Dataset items
□ □ □ □ □ □ □
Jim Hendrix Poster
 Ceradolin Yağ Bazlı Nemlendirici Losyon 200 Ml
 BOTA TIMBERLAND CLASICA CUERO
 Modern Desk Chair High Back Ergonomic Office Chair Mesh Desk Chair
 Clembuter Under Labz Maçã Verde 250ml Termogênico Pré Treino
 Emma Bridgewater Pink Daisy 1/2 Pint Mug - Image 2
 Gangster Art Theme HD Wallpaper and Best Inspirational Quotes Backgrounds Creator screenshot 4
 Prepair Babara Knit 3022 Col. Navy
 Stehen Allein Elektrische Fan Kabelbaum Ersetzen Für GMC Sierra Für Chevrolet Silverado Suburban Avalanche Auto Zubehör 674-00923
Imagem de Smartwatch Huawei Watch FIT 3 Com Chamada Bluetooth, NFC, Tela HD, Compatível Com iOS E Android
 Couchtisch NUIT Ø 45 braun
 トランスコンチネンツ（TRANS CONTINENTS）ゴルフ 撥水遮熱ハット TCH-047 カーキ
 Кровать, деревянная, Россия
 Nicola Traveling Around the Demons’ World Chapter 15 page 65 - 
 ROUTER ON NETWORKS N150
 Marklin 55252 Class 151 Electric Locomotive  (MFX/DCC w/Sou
□ □ □ □ □ □ □
§ TRY IT:
From the line holding "Clembuter Under Labz" to the line holding "Prepair Babara Knit 3022 Col. Navy", inclusive, restate each line above exactly as written.

§ SOLVED EXERCISE:
 Clembuter Under Labz Maçã Verde 250ml Termogênico Pré Treino
 Emma Bridgewater Pink Daisy 1/2 Pint Mug - Image 2
 Gangster Art Theme HD Wallpaper and Best Inspirational Quotes Backgrounds Creator screenshot 4
 Prepair Babara Knit 3022 Col. Navy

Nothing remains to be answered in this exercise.